◆ Required action
Output all entries below exactly as they are given.
━━ Supplied material
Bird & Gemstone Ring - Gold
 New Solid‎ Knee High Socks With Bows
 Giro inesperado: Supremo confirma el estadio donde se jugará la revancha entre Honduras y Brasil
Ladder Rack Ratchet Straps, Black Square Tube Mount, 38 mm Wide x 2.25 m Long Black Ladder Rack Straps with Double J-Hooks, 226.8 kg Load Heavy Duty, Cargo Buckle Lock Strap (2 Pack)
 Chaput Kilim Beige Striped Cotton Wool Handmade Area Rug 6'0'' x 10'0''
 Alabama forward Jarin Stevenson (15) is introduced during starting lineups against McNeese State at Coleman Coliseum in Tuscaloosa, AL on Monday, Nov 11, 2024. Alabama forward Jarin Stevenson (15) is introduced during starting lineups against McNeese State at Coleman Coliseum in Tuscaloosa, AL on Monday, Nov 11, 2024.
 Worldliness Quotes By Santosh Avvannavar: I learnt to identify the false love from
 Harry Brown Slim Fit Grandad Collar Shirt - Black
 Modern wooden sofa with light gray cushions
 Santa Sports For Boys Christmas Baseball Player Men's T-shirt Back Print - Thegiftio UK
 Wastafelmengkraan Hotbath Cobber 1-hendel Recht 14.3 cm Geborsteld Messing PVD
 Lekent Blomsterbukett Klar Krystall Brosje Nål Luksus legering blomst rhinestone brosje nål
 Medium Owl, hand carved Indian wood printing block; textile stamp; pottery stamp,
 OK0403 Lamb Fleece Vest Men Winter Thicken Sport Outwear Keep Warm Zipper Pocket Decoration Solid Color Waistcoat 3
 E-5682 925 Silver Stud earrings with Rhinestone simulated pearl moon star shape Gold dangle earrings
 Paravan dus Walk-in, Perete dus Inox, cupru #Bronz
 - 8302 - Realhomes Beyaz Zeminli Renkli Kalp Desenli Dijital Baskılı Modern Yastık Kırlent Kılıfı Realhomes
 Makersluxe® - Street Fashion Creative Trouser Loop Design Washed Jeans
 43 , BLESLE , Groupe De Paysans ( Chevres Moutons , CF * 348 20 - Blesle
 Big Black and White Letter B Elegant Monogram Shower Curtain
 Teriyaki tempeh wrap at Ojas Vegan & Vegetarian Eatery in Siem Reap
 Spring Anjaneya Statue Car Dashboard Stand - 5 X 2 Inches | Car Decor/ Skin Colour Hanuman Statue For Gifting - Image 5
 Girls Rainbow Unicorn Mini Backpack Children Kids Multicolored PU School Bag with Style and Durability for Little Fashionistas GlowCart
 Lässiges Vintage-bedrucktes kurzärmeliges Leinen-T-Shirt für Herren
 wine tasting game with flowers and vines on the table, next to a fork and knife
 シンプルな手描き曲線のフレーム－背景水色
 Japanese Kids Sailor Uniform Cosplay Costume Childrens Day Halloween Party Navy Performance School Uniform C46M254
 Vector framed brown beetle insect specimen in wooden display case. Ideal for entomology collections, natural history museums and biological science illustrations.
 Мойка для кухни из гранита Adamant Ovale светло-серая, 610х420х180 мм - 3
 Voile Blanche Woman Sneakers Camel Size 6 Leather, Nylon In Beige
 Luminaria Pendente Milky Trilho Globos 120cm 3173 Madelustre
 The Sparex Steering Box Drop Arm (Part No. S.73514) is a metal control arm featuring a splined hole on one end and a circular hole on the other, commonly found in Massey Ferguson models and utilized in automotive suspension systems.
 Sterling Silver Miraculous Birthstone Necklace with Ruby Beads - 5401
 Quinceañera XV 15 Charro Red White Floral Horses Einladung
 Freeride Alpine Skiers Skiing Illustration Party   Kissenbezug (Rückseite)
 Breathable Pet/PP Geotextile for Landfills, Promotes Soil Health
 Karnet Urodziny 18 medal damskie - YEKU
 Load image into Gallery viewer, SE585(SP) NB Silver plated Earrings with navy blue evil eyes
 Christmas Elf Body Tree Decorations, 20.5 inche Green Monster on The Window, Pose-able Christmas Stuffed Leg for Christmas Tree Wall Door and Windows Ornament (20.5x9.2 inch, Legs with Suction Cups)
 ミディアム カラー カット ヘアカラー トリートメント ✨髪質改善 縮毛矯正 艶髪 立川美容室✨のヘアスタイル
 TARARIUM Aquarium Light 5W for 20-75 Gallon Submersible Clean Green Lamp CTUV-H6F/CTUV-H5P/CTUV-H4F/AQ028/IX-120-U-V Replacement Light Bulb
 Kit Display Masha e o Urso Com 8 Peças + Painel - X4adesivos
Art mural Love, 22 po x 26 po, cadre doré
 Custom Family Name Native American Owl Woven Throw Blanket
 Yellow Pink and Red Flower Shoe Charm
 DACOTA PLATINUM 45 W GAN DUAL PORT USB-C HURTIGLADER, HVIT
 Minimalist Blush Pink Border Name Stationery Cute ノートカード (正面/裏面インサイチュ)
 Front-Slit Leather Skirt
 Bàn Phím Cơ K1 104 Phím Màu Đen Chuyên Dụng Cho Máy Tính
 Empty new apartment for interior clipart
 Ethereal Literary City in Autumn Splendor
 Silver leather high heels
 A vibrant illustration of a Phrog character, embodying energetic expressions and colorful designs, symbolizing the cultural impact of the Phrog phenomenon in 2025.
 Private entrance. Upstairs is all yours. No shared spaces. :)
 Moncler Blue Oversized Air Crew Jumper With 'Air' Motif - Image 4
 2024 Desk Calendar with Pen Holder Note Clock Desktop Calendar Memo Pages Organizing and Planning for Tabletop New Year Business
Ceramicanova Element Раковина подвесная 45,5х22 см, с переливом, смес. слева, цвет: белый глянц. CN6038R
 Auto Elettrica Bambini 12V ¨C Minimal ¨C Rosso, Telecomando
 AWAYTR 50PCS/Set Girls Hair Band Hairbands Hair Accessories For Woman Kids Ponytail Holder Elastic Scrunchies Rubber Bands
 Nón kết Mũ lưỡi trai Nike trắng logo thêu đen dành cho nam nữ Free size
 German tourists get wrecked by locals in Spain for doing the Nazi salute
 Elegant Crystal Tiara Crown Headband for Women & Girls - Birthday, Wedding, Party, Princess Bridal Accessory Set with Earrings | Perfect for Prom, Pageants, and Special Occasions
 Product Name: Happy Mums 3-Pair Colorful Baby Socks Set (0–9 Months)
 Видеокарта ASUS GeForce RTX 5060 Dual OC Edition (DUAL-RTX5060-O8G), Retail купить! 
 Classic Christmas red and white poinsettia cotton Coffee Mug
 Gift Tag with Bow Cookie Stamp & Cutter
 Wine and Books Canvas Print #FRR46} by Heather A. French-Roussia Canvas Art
━━━━
◆ Output
Bird & Gemstone Ring - Gold
 New Solid‎ Knee High Socks With Bows
 Giro inesperado: Supremo confirma el estadio donde se jugará la revancha entre Honduras y Brasil
Ladder Rack Ratchet Straps, Black Square Tube Mount, 38 mm Wide x 2.25 m Long Black Ladder Rack Straps with Double J-Hooks, 226.8 kg Load Heavy Duty, Cargo Buckle Lock Strap (2 Pack)
 Chaput Kilim Beige Striped Cotton Wool Handmade Area Rug 6'0'' x 10'0''
 Alabama forward Jarin Stevenson (15) is introduced during starting lineups against McNeese State at Coleman Coliseum in Tuscaloosa, AL on Monday, Nov 11, 2024. Alabama forward Jarin Stevenson (15) is introduced during starting lineups against McNeese State at Coleman Coliseum in Tuscaloosa, AL on Monday, Nov 11, 2024.
 Worldliness Quotes By Santosh Avvannavar: I learnt to identify the false love from
 Harry Brown Slim Fit Grandad Collar Shirt - Black
 Modern wooden sofa with light gray cushions
 Santa Sports For Boys Christmas Baseball Player Men's T-shirt Back Print - Thegiftio UK
 Wastafelmengkraan Hotbath Cobber 1-hendel Recht 14.3 cm Geborsteld Messing PVD
 Lekent Blomsterbukett Klar Krystall Brosje Nål Luksus legering blomst rhinestone brosje nål
 Medium Owl, hand carved Indian wood printing block; textile stamp; pottery stamp,
 OK0403 Lamb Fleece Vest Men Winter Thicken Sport Outwear Keep Warm Zipper Pocket Decoration Solid Color Waistcoat 3
 E-5682 925 Silver Stud earrings with Rhinestone simulated pearl moon star shape Gold dangle earrings
 Paravan dus Walk-in, Perete dus Inox, cupru #Bronz
 - 8302 - Realhomes Beyaz Zeminli Renkli Kalp Desenli Dijital Baskılı Modern Yastık Kırlent Kılıfı Realhomes
 Makersluxe® - Street Fashion Creative Trouser Loop Design Washed Jeans
 43 , BLESLE , Groupe De Paysans ( Chevres Moutons , CF * 348 20 - Blesle
 Big Black and White Letter B Elegant Monogram Shower Curtain
 Teriyaki tempeh wrap at Ojas Vegan & Vegetarian Eatery in Siem Reap
 Spring Anjaneya Statue Car Dashboard Stand - 5 X 2 Inches | Car Decor/ Skin Colour Hanuman Statue For Gifting - Image 5
 Girls Rainbow Unicorn Mini Backpack Children Kids Multicolored PU School Bag with Style and Durability for Little Fashionistas GlowCart
 Lässiges Vintage-bedrucktes kurzärmeliges Leinen-T-Shirt für Herren
 wine tasting game with flowers and vines on the table, next to a fork and knife
 シンプルな手描き曲線のフレーム－背景水色
 Japanese Kids Sailor Uniform Cosplay Costume Childrens Day Halloween Party Navy Performance School Uniform C46M254
 Vector framed brown beetle insect specimen in wooden display case. Ideal for entomology collections, natural history museums and biological science illustrations.
 Мойка для кухни из гранита Adamant Ovale светло-серая, 610х420х180 мм - 3
 Voile Blanche Woman Sneakers Camel Size 6 Leather, Nylon In Beige
 Luminaria Pendente Milky Trilho Globos 120cm 3173 Madelustre
 The Sparex Steering Box Drop Arm (Part No. S.73514) is a metal control arm featuring a splined hole on one end and a circular hole on the other, commonly found in Massey Ferguson models and utilized in automotive suspension systems.
 Sterling Silver Miraculous Birthstone Necklace with Ruby Beads - 5401
 Quinceañera XV 15 Charro Red White Floral Horses Einladung
 Freeride Alpine Skiers Skiing Illustration Party   Kissenbezug (Rückseite)
 Breathable Pet/PP Geotextile for Landfills, Promotes Soil Health
 Karnet Urodziny 18 medal damskie - YEKU
 Load image into Gallery viewer, SE585(SP) NB Silver plated Earrings with navy blue evil eyes
 Christmas Elf Body Tree Decorations, 20.5 inche Green Monster on The Window, Pose-able Christmas Stuffed Leg for Christmas Tree Wall Door and Windows Ornament (20.5x9.2 inch, Legs with Suction Cups)
 ミディアム カラー カット ヘアカラー トリートメント ✨髪質改善 縮毛矯正 艶髪 立川美容室✨のヘアスタイル
 TARARIUM Aquarium Light 5W for 20-75 Gallon Submersible Clean Green Lamp CTUV-H6F/CTUV-H5P/CTUV-H4F/AQ028/IX-120-U-V Replacement Light Bulb
 Kit Display Masha e o Urso Com 8 Peças + Painel - X4adesivos
Art mural Love, 22 po x 26 po, cadre doré
 Custom Family Name Native American Owl Woven Throw Blanket
 Yellow Pink and Red Flower Shoe Charm
 DACOTA PLATINUM 45 W GAN DUAL PORT USB-C HURTIGLADER, HVIT
 Minimalist Blush Pink Border Name Stationery Cute ノートカード (正面/裏面インサイチュ)
 Front-Slit Leather Skirt
 Bàn Phím Cơ K1 104 Phím Màu Đen Chuyên Dụng Cho Máy Tính
 Empty new apartment for interior clipart
 Ethereal Literary City in Autumn Splendor
 Silver leather high heels
 A vibrant illustration of a Phrog character, embodying energetic expressions and colorful designs, symbolizing the cultural impact of the Phrog phenomenon in 2025.
 Private entrance. Upstairs is all yours. No shared spaces. :)
 Moncler Blue Oversized Air Crew Jumper With 'Air' Motif - Image 4
 2024 Desk Calendar with Pen Holder Note Clock Desktop Calendar Memo Pages Organizing and Planning for Tabletop New Year Business
Ceramicanova Element Раковина подвесная 45,5х22 см, с переливом, смес. слева, цвет: белый глянц. CN6038R
 Auto Elettrica Bambini 12V ¨C Minimal ¨C Rosso, Telecomando
 AWAYTR 50PCS/Set Girls Hair Band Hairbands Hair Accessories For Woman Kids Ponytail Holder Elastic Scrunchies Rubber Bands
 Nón kết Mũ lưỡi trai Nike trắng logo thêu đen dành cho nam nữ Free size
 German tourists get wrecked by locals in Spain for doing the Nazi salute
 Elegant Crystal Tiara Crown Headband for Women & Girls - Birthday, Wedding, Party, Princess Bridal Accessory Set with Earrings | Perfect for Prom, Pageants, and Special Occasions
 Product Name: Happy Mums 3-Pair Colorful Baby Socks Set (0–9 Months)
 Видеокарта ASUS GeForce RTX 5060 Dual OC Edition (DUAL-RTX5060-O8G), Retail купить! 
 Classic Christmas red and white poinsettia cotton Coffee Mug
 Gift Tag with Bow Cookie Stamp & Cutter
 Wine and Books Canvas Print #FRR46} by Heather A. French-Roussia Canvas Art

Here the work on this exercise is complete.